Joachim sees the solution in intelligence.

The key is designing automobiles so the entire car is in the wheel, linked to other wheels on a municipal grid. In this model, the city is composed of interconnected networks.


After explaining the obscene energy usage in the life cycle of a house, from chopping down trees using power tools to building remains dumped in landfills, Joachim brings back the idea of the living tree house.

Alongside MIT architects Laura Greden and Javier Arbona, Joachim presents their proposal for the Fab Tree Hab.

The proposed construction materials are organic, and we don’t mean metaphorically. The materials really are alive. Ficus, a parasitic plant that is soft during growth but hardens when exposed to air, can be given a certain structure to grow around and within. It can become a wall. It is a parasitic wall, but if you give them a structure to grow into or around it will grow.


While eco-warriors see automobiles as evil, Joachim takes a different approach. He sold his Honda years ago, but he doesn’t think that’s anywhere near enough. He is looking for redemption and — according to him — we should be too.

“Efficiency essentially means playing a piano with a two-by-four,” says Joachim. “You hit every key and, great, you did an efficient job… efficiency means the car is still doing some damage… If you get it down to zero emissions, you’re not doing anything bad, but you’re not doing anything good.”

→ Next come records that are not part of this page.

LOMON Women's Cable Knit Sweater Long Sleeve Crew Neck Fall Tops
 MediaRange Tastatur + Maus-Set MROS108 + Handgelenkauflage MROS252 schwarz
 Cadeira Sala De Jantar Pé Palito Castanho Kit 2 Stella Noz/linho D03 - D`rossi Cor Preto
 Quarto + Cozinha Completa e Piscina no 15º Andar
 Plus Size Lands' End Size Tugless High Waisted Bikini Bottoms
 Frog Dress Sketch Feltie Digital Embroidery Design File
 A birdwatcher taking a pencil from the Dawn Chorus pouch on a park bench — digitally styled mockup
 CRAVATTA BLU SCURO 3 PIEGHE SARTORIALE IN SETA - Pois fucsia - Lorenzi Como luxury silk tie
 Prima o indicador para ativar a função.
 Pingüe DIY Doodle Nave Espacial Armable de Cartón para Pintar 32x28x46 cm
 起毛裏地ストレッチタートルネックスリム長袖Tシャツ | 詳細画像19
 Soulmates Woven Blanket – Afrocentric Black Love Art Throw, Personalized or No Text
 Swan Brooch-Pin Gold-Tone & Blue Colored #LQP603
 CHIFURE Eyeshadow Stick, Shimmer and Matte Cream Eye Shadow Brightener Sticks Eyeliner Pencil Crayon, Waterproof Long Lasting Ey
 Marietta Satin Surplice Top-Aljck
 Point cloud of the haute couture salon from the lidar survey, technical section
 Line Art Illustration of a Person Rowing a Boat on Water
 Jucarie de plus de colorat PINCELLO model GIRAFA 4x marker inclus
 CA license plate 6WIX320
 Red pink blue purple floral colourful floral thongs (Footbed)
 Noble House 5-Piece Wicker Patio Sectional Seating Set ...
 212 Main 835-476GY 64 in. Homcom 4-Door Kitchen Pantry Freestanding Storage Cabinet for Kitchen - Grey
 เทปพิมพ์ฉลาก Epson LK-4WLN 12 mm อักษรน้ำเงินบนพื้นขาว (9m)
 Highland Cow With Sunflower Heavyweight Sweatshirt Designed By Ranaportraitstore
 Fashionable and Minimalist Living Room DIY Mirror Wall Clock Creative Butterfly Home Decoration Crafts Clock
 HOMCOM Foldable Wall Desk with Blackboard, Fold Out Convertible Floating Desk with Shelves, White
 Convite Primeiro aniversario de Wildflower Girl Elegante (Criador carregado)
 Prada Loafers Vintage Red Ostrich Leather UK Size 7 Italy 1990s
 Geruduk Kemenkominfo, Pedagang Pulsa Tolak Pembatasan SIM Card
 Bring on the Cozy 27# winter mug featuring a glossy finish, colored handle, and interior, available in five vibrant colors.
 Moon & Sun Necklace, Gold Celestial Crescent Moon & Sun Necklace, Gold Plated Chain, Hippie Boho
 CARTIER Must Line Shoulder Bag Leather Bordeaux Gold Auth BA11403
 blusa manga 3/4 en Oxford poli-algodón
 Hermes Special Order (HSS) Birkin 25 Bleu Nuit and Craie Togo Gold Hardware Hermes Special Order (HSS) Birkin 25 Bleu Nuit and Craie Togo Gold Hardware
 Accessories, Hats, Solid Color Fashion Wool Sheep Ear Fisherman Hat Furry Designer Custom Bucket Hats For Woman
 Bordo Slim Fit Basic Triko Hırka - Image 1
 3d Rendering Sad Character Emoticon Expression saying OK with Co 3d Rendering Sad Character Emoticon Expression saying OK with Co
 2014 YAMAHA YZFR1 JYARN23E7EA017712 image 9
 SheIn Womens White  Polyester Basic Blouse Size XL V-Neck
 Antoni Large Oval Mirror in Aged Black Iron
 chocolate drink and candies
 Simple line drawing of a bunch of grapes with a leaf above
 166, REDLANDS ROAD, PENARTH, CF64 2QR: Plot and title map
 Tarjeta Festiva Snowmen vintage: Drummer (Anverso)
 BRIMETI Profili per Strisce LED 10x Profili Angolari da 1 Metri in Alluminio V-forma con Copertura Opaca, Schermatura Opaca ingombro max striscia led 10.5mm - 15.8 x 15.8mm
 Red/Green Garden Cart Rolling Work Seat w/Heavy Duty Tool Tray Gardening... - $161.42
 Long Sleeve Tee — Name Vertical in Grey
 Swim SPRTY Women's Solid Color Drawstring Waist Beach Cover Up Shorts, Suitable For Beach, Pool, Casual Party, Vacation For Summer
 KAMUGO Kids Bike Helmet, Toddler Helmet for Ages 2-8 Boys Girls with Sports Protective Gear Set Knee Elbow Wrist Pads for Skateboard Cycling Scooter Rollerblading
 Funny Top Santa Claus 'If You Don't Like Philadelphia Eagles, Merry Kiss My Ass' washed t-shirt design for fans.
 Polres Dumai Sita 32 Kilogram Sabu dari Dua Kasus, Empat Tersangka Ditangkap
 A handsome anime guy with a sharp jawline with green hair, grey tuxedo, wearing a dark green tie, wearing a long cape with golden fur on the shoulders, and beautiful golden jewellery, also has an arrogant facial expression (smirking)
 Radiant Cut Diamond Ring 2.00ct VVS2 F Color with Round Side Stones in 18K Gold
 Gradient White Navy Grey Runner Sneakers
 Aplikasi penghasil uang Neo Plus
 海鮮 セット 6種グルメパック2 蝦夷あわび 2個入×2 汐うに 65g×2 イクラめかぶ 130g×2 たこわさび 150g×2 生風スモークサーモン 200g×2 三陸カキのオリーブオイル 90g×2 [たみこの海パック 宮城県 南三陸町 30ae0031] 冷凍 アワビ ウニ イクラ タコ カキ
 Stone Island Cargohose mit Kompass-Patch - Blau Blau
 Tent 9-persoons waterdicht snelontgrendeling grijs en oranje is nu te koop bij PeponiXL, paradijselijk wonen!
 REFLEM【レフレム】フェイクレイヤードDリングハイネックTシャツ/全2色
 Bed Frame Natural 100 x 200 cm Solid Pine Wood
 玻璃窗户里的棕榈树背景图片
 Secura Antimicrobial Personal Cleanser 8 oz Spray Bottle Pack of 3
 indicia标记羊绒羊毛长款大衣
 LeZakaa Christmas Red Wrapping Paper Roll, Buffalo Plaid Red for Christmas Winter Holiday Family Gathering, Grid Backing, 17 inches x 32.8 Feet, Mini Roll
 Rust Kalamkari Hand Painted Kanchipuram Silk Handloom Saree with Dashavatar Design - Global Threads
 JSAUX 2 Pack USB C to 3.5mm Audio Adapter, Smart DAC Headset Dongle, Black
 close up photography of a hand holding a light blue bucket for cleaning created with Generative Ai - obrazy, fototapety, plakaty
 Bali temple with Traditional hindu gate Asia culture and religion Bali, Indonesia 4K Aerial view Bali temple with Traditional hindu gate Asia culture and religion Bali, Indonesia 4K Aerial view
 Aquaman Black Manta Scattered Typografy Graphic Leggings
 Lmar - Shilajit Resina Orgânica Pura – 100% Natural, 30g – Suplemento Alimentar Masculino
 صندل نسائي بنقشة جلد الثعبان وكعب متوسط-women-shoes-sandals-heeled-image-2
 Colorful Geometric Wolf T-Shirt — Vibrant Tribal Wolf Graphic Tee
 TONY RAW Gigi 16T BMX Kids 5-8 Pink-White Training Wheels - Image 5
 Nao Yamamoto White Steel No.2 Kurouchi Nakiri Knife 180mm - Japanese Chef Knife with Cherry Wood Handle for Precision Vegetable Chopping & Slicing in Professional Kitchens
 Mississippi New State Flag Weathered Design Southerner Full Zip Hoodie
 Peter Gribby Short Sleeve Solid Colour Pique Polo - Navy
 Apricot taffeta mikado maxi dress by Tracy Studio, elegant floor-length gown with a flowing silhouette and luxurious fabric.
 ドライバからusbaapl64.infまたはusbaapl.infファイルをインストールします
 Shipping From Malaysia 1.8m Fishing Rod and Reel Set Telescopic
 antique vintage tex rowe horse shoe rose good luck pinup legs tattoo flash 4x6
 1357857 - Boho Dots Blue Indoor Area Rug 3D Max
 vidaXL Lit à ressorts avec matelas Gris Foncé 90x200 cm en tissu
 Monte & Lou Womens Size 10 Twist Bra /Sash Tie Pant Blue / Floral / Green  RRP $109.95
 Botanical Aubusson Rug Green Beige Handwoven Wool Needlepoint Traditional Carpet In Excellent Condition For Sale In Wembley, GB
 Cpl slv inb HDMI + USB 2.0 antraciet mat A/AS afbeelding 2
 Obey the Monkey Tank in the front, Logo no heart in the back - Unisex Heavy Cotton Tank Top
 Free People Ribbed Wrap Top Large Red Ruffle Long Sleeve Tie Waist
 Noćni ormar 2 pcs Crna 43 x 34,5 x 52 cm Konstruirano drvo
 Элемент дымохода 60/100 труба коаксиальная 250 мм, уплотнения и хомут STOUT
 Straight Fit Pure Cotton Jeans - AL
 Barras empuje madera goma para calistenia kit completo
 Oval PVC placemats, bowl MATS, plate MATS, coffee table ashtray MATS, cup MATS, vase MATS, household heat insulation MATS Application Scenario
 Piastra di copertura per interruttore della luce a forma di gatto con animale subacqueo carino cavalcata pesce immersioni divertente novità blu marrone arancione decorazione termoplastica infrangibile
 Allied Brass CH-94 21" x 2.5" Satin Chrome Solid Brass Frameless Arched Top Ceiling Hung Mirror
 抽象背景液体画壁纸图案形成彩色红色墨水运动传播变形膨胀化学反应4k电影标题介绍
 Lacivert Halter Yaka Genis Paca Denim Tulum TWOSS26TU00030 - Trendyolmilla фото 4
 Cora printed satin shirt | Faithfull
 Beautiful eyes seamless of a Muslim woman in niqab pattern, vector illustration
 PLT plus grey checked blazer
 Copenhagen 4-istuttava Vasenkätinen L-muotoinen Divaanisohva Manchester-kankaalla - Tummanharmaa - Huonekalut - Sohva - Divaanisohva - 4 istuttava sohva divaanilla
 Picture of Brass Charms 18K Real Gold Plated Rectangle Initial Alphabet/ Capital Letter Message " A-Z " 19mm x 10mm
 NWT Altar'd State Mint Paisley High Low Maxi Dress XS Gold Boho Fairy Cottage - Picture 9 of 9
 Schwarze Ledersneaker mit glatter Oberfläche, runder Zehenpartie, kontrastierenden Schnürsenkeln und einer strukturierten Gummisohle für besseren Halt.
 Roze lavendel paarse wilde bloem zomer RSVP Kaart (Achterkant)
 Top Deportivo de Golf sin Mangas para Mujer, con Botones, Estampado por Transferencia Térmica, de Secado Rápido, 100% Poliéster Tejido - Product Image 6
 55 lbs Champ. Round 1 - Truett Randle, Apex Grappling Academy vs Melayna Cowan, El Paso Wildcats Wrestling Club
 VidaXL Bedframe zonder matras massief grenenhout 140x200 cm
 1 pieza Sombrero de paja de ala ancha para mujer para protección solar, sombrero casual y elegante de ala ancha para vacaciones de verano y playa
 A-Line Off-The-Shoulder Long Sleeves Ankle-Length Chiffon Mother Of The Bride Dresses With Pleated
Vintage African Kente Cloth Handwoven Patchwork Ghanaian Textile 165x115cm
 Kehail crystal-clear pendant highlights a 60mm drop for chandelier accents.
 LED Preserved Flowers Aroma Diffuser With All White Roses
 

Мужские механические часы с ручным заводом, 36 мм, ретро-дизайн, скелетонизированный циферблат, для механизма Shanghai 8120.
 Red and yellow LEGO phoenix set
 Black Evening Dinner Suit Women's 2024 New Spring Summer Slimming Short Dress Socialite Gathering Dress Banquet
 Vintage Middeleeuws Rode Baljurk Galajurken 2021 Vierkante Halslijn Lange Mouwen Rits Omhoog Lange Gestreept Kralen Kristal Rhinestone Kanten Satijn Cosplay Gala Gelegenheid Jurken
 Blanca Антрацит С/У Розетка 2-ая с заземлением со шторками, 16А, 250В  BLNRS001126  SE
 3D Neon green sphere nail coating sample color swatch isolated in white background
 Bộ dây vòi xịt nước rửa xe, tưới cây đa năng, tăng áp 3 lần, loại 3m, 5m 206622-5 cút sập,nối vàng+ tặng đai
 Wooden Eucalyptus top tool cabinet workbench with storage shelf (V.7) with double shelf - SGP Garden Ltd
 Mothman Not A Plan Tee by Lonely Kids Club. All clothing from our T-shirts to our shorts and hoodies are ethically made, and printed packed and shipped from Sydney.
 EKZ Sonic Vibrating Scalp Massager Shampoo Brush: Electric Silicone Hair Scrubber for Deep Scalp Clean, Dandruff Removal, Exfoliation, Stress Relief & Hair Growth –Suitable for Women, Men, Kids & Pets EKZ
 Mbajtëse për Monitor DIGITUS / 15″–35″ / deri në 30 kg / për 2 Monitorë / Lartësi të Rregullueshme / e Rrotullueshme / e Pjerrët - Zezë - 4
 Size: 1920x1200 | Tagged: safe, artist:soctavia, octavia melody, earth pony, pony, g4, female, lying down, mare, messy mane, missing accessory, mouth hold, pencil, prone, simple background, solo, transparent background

Enter his Concept Car, developed with GM and Frank O. Gehry.

These cars are SOFT (Sustainable Omni Flow Transport), soft (so soft in fact, that they “look like hug-and-kiss lamb cars”) and ecological. They move in herds. They are powered by the human buttocks. And they’re not the first of their kind. Not entirely, anyways.

In the 1920’s, Henry Ford extensively experimented with alternative materials for car manufacturing. Because he believed the booming automobile industry and American’s agricultural economy were “natural partners”, he sought to amicably unite them.

This is how he became a proponent of the soybean.

Ford used plastic made from soy meal to manufacture everything from glove box doors and accelerator pedals to steering wheel and dashboard panels. Even the entire body of the car could be (and was) made from soy-based plastic. The Model T’s paint and plastic parts, in fact, contained 60 pounds of soybeans.

It was a car just as durable, lighter, and more reasonable economically and environmentally. But then war broke out. After World War II, the petrochemical industry experienced a boom and the soy-based plastic car fell into oblivion.

Until now. The ailing Ford Motor Company, in partnership with the Lear Corporation, sends a nod in the direction of history with the launch of a new car. The seat backs and cushions of the 2008 Ford Mustang are made with soy-based foam.